After reading some questions on StackOverflow, I have been using the below code to read CSV files on beam.
Pipeline code:
with beam.Pipeline(options=pipeline_options) as p:
parsed_csv = (p | 'Create from CSV' >> beam.Create([input_file]))
flattened_file = (parsed_csv | 'Flatten the CSV' >> beam.FlatMap(get_csv_reader))
Method to read csv: get_csv_reader()
def get_csv_reader(readable_file):
# Open a channel to read the file from GCS
gcs_file = beam.io.filesystems.FileSystems.open(readable_file)
# Read file as a CSV
gcs_reader = csv.reader(io.TextIOWrapper(gcs_file))
next(gcs_reader)
return gcs_reader
I am using this as opposed to ReadFromText because it fails when there are newline characters in the field values.

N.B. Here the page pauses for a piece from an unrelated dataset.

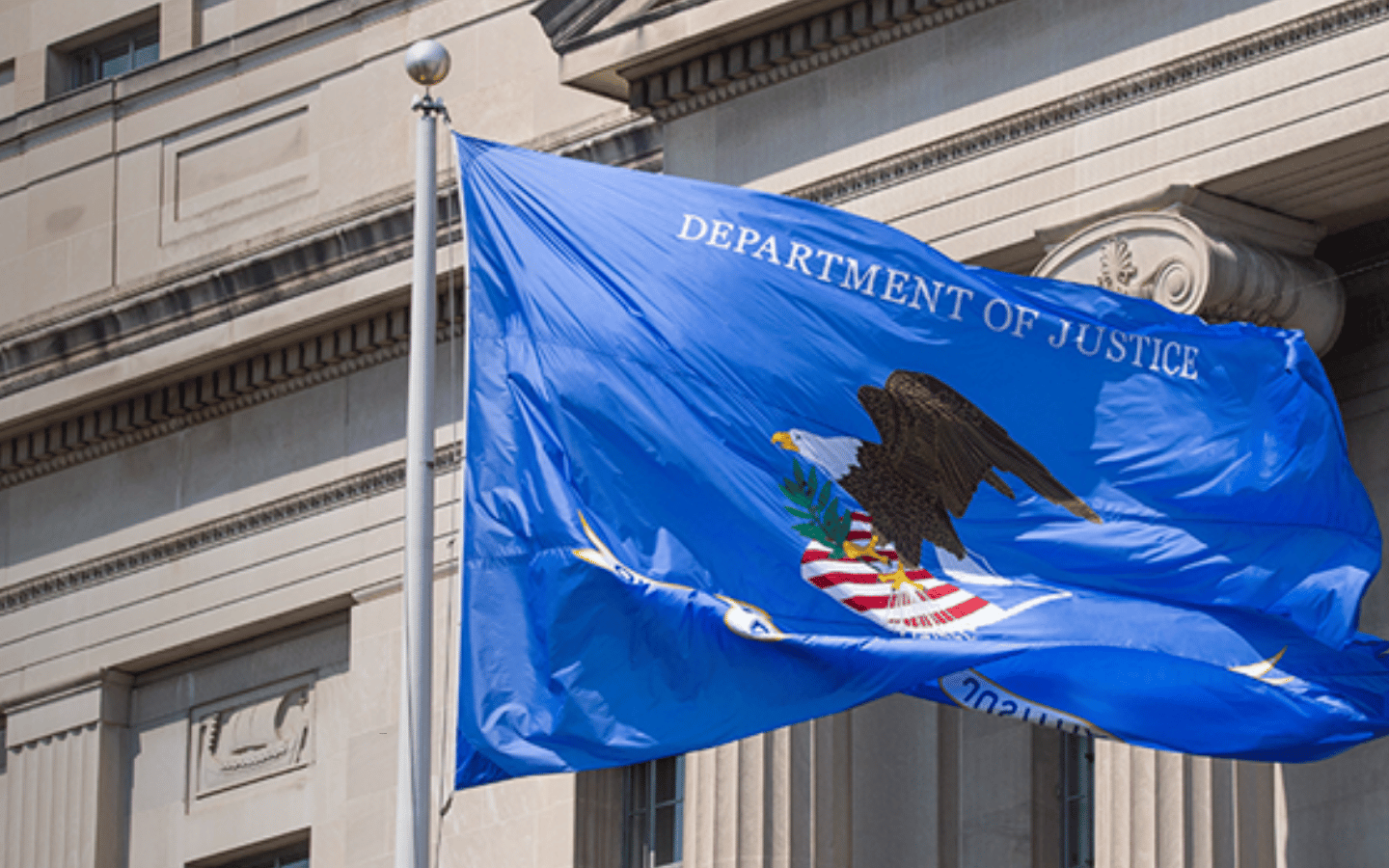 The flag of the Department of Justice flies in front of the DOJ building in Washington, D.C.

Question: Now, my question is if this way of reading CSV is efficient? Would it fail in case of huge files? I ask because I am using csv.reader in my method. I feel like this loads the file into memory causing a failure for huge files. Please correct my understanding if I am wrong.
Additionally, since this is a Ptransform will my method be serialized to run on different worker nodes? I am confused as to how beam would run this code behind the scenes.
If this is not the efficient please suggest the efficient way to read CSV on apache beam.